• Exercise objective:
Ignoring every picture, return the lines of the listing below word for word, from the line that holds "bamoer GAN148 925" through the line that holds "Pickleball lettering hand towel".

• Supplied records:
--

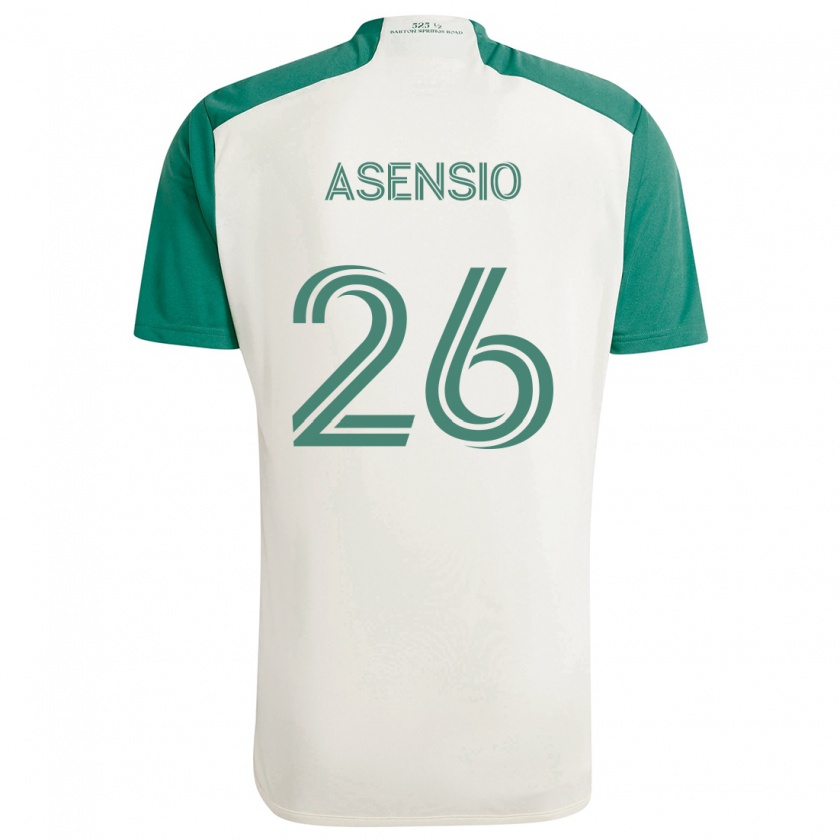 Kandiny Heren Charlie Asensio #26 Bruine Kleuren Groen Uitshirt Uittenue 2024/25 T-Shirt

--

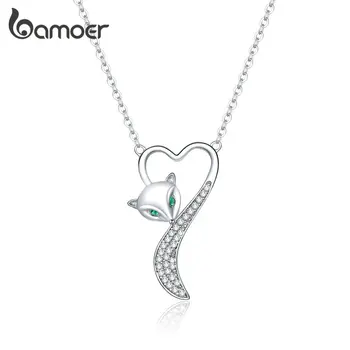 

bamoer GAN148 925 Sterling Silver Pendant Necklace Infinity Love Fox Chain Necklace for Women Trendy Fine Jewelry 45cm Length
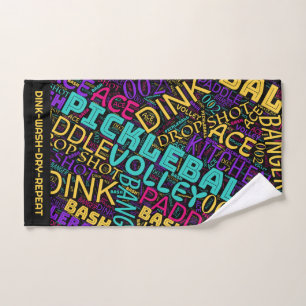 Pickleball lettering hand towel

--

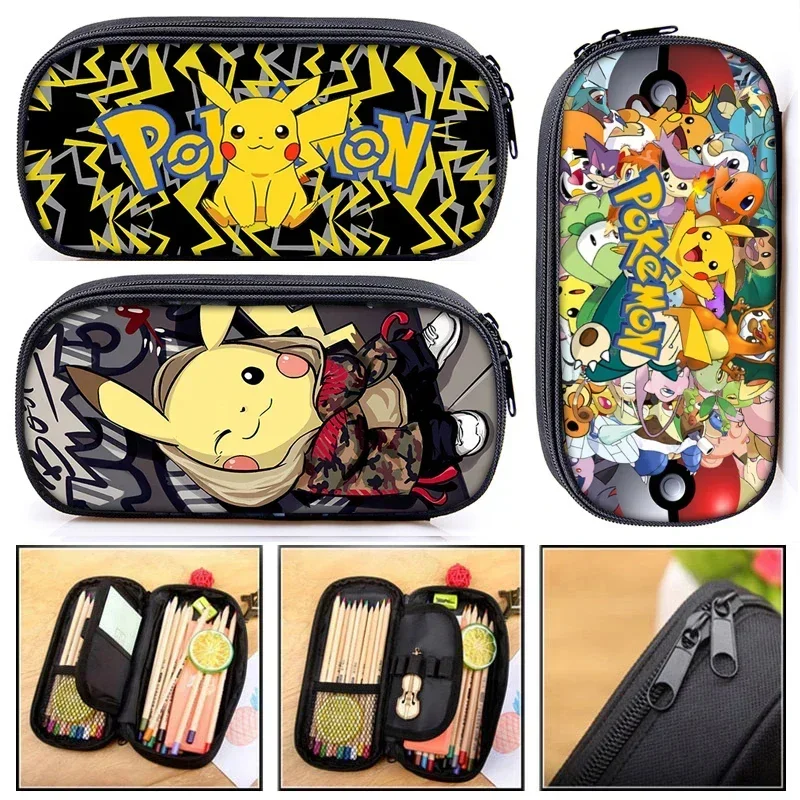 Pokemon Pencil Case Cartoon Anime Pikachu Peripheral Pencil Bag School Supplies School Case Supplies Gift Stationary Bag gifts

--

• Reply:
bamoer GAN148 925 Sterling Silver Pendant Necklace Infinity Love Fox Chain Necklace for Women Trendy Fine Jewelry 45cm Length
 Pickleball lettering hand towel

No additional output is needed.